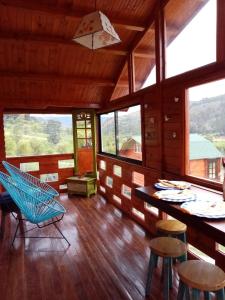 伊萨La Sarita, Hospedaje rural.的客房设有桌椅和窗户。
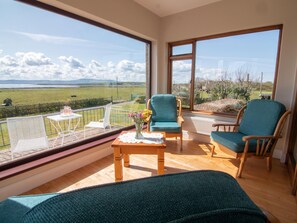 Sun Room with views of ocean/sea and our rural landscape. Ever Changing Skies!
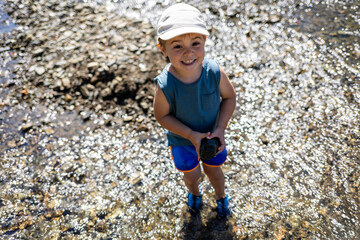 Child plays in a mountain stream on a hot summer day during vacation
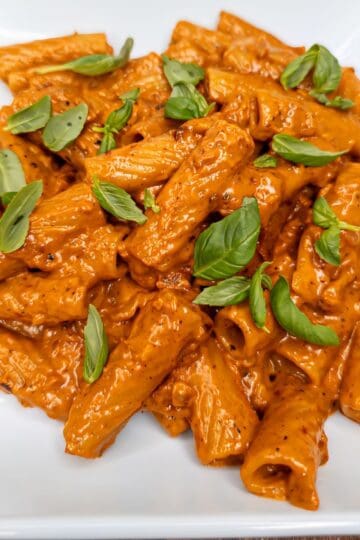 Creamy Italian Rigatoni alla Vodka pasta with basil on white plate.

● ● ●

What is needed is every line from the one with "Sun Room with" to the final line of the listing above, set down exactly and with the pictures left out.

Answer box —
 Sun Room with views of ocean/sea and our rural landscape. Ever Changing Skies!
 Child plays in a mountain stream on a hot summer day during vacation
 Creamy Italian Rigatoni alla Vodka pasta with basil on white plate.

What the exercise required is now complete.